The Crate is the real crowd pleaser of the film and is based on the King short story of the same name. Between Hal Holbrook, Fritz Weaver and Adrienne Barbeau, it’s packed with star power. And the actual beast inside the crate is a Savini tour de force, a perfect monster. There’s also a cameo by Romero’s ex-wife, Christine Forrest.

Finally, in They’re Creeping Up on You, E.G. Marshall rules the screen as Upson Pratt, a Howard Hughes-like man who lives in a sealed apartment because he’s deathly afraid of insects. As in any E.C. Comics story, what you fear the most is what will destroy you.

There’s an interesting object that keeps showing up throughout the film — a marble ashtray that shows up in nearly every scene. It’s the one used to kill Nathan in the first story, but it keeps reappearing. Is it the Loc-Nar of Creepshow?

If you’re from Pittsburgh, Creepshow is a tour of home. There’s an abandoned girl’s school in Greensburg that was used for the majority of the shoot, as well as Carnegie Mellon University, Romero’s own backyard in Shadyside and a mansion in Fox Chapel. The only non-Pittsburgh setting was a New Jersey beach for the drowning scenes.

Soon after the film was released, a comic book adaption was released, with art by comic legend Bernie Wrightson. It was a prize possession of mine throughout my teen years and I dog-ear read it, nearly tearing off the cover.

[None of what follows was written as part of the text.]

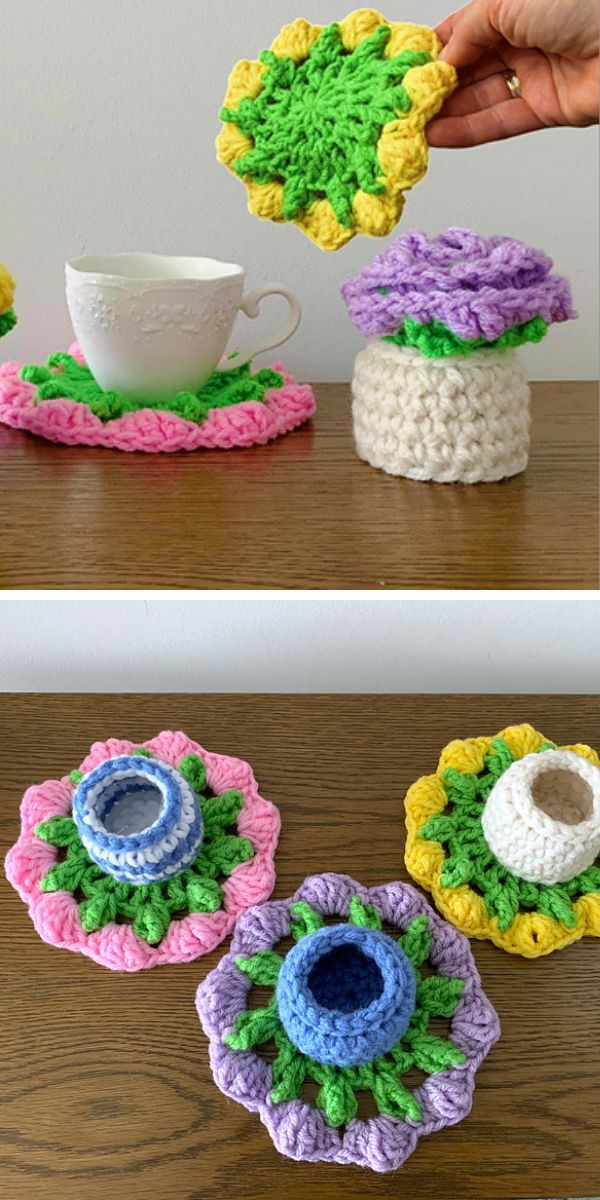 a crochet flower doily in a vase
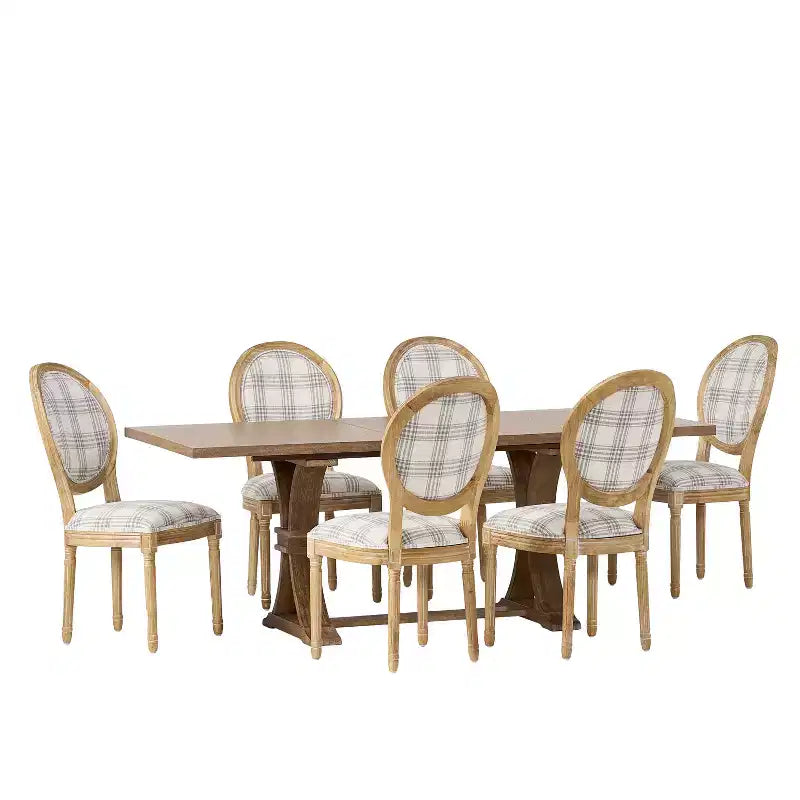 Christopher Knight Home Derring 7 Pieces French Country Upholstered Wood Expandable Dining Set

The prop comic in the film was actually created by E.C. Comics vet Jack Kamen, as was the poster for the film. King had wanted “Ghastly” Graham Ingels, but he refused and Kamen was recommended by former E.C. owner (and publisher of MAD) William M. Gaines.

People love this film. There’s a Creepshow Museum dedicated to the movie that’s packed with replicas, posters and autographs from the stars of the film. And there’s a ton of merch for the film — Fright Rags has released numerous t-shirts; I’ve worn out this one from Pizza Party Printing; Horror Merch Store has masks of Fluffy from The Crate and Nate, as well as the soundtrack; and there’s even action figures of Nate, Harry and Becky (from Something to Tide You Over) from AmokTime!

Synapse Films even released Just Desserts, a making-of film that has interviews with nearly everyone involved that you can find right here.

Creepshow truly is the most fun you’ll ever have being scared. It was followed by two sequels of diminishing quality, but it’s held up for over thirty years. It’s a movie I bring out and watch at least once a year. And now that Shudder is celebrating featuring Stephen King movies on their streaming service, you can watch it whenever you want!

UPDATE: The Creepshow Museum doesn’t just have replicas! They have screen used props, original production materials and many one-of-a-kind items as well. I really appreciate them reaching out to us and setting the record straight!